My sister, a pediatric hematology oncologist that lives in Philly with her family, flies out to be with us. She was the first person I called after Molly on Saturday and within minutes she said she was flying out.

Wednesday April 15th

Phone call from my new oncologist taken in my kitchen. I’m home alone. She’s anxious … get’s right to the point before I even know what the point is. “I need to tell you pathology identified your tumor as a carcinoma. I’ve set up an appointment for you Friday. Speak with you then.” I scribbled notes on a handy Chinese menu. “Carcinoma, not lymphoma.” No one had wanted to prep me if I in fact did not have a treatable form of lymphoma, so I absentmindedly kept moving about until I found myself looking into a wall mirror back at my tumored self, realizing I was in grave danger. Carcinoma, not lymphoma.

Friday April 17th

Walk into my oncologist’s cramped office. My wife and my sister are with me. Mabel’s at pre-school. The doctor re-angles her monitor but I can see it’s my PET scan - and I see the same image I saw through the technician's window after getting the scan - the one I tried to ignore because there were jarring color blobs aside the grey outlines of organs and body interior. From where my sister was sitting I could tell she saw it and knew what I was going to be told.

Oncologist tells me that I’m stage 4 metastatic carcinoma. Growths had formed on my kidneys, lungs, omentum, adrenal gland. (It was also on my pancreas.) I numbly sat through this diagnosis holding Molly’s hand. Since my doctor didn’t offer, I had to ask her — with as much strength as I could summon — what are the survival rates for people in my situation. Then the bomb explodes. “There’s no cure,” she says. Primal emotional horror panic. Mentally stumbling deafly through a mortal blast. I climbed onto Molly’s lap because I want to crawl inside her and I kept cry-screaming out “what are we going to do? What are we going to do?” in an inhuman voice. Molly just cried with me as I recall. She didn’t know, but she was strong. My crying sister said it could be years not just months. My doctor excused herself and left us in her office.
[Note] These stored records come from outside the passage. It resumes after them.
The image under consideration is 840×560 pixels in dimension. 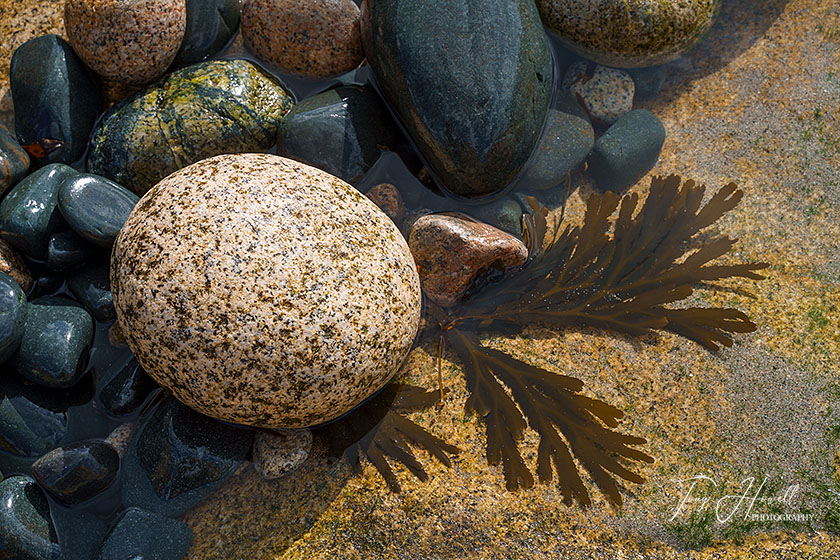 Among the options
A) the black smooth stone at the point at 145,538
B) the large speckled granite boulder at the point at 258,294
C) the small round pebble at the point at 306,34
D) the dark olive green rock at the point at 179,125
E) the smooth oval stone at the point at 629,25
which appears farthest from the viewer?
the smooth oval stone at the point at 629,25

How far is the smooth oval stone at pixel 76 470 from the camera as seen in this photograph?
2.59 metres

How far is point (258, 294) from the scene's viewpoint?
2279 millimetres

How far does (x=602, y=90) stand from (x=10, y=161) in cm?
319

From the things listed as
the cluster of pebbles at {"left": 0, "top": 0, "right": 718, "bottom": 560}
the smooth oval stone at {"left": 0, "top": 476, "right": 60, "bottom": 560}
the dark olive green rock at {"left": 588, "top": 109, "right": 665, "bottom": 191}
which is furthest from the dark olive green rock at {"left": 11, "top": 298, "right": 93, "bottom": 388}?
the dark olive green rock at {"left": 588, "top": 109, "right": 665, "bottom": 191}

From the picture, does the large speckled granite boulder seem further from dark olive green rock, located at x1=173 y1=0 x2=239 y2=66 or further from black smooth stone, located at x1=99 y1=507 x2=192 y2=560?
dark olive green rock, located at x1=173 y1=0 x2=239 y2=66

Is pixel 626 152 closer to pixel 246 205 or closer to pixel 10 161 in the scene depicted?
pixel 246 205

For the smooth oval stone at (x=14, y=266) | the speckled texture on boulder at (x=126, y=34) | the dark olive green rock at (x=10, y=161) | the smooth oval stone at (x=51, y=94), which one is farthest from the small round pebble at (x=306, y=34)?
the smooth oval stone at (x=14, y=266)

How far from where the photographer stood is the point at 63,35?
10.7 feet

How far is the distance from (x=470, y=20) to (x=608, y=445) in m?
2.14

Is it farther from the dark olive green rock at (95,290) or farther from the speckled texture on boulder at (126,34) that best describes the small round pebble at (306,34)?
the dark olive green rock at (95,290)

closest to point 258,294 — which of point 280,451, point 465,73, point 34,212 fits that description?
point 280,451

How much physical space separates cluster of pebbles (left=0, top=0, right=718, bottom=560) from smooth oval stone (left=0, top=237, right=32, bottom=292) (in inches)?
0.5

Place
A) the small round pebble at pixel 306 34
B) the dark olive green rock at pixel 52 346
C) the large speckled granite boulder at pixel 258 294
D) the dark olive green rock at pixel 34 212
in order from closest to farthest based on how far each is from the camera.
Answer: the large speckled granite boulder at pixel 258 294
the dark olive green rock at pixel 52 346
the dark olive green rock at pixel 34 212
the small round pebble at pixel 306 34

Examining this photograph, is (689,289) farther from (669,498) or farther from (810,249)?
(669,498)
She must have to do this on a weekly basis. I remember keying in on a family photo on her desk, with her two daughters, one she has already told me was Mabel’s age. My brain silently spoke to them. Their parents live. I orphan mine. I don’t remember going home.

Late April-May

I prioritized much of my waning strength to get our finances ready for my disappearance. Molly and I had already created a Living Trust, but since then, items hadn’t been explicitly placed in it. In California if the deceased has items of value not in a trust, it can take up to a year of probate for them to be valued by the state and be distributed to recipients. I sat in my lawyer’s conference room on a couch, a very chemo-sick man, doing all I could to keep my faculties straight. I used to do all my own paperwork because of their hourly, now I was behoving them to please manage it all. Just do it all. I wasn’t sure it would get done before I was.
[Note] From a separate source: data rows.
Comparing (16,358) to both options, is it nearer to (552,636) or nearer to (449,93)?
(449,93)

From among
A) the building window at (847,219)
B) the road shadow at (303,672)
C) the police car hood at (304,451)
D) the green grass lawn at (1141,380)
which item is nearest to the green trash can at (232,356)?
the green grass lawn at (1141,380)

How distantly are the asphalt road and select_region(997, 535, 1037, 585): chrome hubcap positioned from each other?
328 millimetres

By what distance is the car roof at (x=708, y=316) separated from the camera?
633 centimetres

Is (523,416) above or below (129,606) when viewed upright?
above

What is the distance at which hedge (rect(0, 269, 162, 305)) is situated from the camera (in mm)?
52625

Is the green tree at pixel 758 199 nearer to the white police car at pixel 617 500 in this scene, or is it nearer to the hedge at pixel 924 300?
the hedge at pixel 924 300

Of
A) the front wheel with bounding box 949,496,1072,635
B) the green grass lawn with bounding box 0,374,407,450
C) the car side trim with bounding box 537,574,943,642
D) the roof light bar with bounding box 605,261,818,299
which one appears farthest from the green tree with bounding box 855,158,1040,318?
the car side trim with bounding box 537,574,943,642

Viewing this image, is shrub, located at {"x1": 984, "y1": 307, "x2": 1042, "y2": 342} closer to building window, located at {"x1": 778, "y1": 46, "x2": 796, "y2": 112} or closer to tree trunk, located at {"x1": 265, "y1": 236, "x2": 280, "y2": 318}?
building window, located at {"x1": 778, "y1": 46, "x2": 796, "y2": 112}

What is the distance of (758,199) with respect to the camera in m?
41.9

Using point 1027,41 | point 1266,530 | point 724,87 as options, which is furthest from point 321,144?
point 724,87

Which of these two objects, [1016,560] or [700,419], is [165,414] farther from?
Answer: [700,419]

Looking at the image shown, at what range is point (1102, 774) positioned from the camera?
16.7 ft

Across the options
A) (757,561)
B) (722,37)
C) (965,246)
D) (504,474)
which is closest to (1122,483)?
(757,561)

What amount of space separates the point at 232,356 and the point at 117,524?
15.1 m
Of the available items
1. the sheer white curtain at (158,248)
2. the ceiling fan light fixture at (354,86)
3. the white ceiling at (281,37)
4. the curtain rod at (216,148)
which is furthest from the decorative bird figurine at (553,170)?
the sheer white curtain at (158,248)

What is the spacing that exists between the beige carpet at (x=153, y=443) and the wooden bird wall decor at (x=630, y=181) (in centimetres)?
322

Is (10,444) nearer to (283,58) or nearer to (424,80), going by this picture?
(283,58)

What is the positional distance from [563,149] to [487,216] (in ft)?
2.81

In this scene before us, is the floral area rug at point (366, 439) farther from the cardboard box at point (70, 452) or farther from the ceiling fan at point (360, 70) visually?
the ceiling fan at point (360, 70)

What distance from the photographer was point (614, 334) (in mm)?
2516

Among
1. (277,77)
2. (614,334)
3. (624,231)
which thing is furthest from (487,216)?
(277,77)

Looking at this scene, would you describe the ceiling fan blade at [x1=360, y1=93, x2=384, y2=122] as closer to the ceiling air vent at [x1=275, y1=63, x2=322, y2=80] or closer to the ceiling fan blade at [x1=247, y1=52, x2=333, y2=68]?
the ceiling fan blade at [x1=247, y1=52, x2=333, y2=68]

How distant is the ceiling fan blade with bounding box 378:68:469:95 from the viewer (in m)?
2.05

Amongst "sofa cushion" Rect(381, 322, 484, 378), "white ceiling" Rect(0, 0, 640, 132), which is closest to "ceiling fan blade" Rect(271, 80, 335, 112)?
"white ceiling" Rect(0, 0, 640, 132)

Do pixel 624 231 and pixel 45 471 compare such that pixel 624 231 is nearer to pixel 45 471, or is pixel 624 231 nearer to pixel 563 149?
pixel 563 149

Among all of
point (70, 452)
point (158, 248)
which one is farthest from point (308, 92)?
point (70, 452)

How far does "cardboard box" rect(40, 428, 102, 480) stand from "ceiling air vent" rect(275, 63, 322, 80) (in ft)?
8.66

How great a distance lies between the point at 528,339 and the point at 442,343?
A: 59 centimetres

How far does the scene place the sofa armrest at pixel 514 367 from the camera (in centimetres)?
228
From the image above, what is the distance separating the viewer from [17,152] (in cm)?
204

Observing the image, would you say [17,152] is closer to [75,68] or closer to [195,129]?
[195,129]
Chemo wrecked me as much as the cancer. Molly had now dropped her life and become my primary caregiver. As it got worse I wondered if I could be as strong as her if our roles were reversed. Within a month I was raced to the emergency room because I was, in effect, starving. Unexplained weight loss was a symptom before my diagnosis and once the chemo started I stopped eating. I was infused with 30 lbs of fluid weight, stabilized, discharged and lost it all within a couple weeks. I kept daily records of how much I ate. Each one was a sob story. My life’s whole mission became trying to eat 2,000 calories a day. I could rarely do it. I’d struggle to eat a simple meal over hours of time and then vomit it all up later. I stopped leaving the house. I could barely walk up the stairs. I couldn’t read a book to my daughter at bedtime. I couldn’t take my clothes off at bedtime. On my off weeks from chemo I still felt awful, depleted, nauseous, wrecked by opiod-induced constipation.

I was in a death spiral. I was dying. How can I make my daughter fatherless? What would life be like for Molly for the next 40 years? A friend came often and captured videos of my life story. I so wanted my daughter (and maybe her kids) to know about me. I wanted to make videos of me sharing the life guidance I’d been planning to give my daughter. I was bereft I wouldn’t be there with a shoulder when the trials of puberty, mean girls, boys and determining her life path came along. I promised myself I would sit and record them alone with my phone, but I never even tried. I knew I’d just record myself blubbering in sadness. My family was with me constantly. I tried to thank them whenever I had the headspace.

June

Molly would put me to bed before 9pm and I’d lie alone suffering uncontrollable crying jags. I was on anti-depressants, anti-anxiety meds, pain killers, but after keeping it together all day, I couldn’t stop thinking about my death, their lives without me. I imagined people at my memorial service, looking at each other without me. I imagined it was amongst redwood trees or on a Pacific bluff. I imagined life-like human-size great blue heron’s cutouts standing among the attendees, and frangipani blossoms everywhere. I’d hear certain songs and mentally add them to my memorial service playlist.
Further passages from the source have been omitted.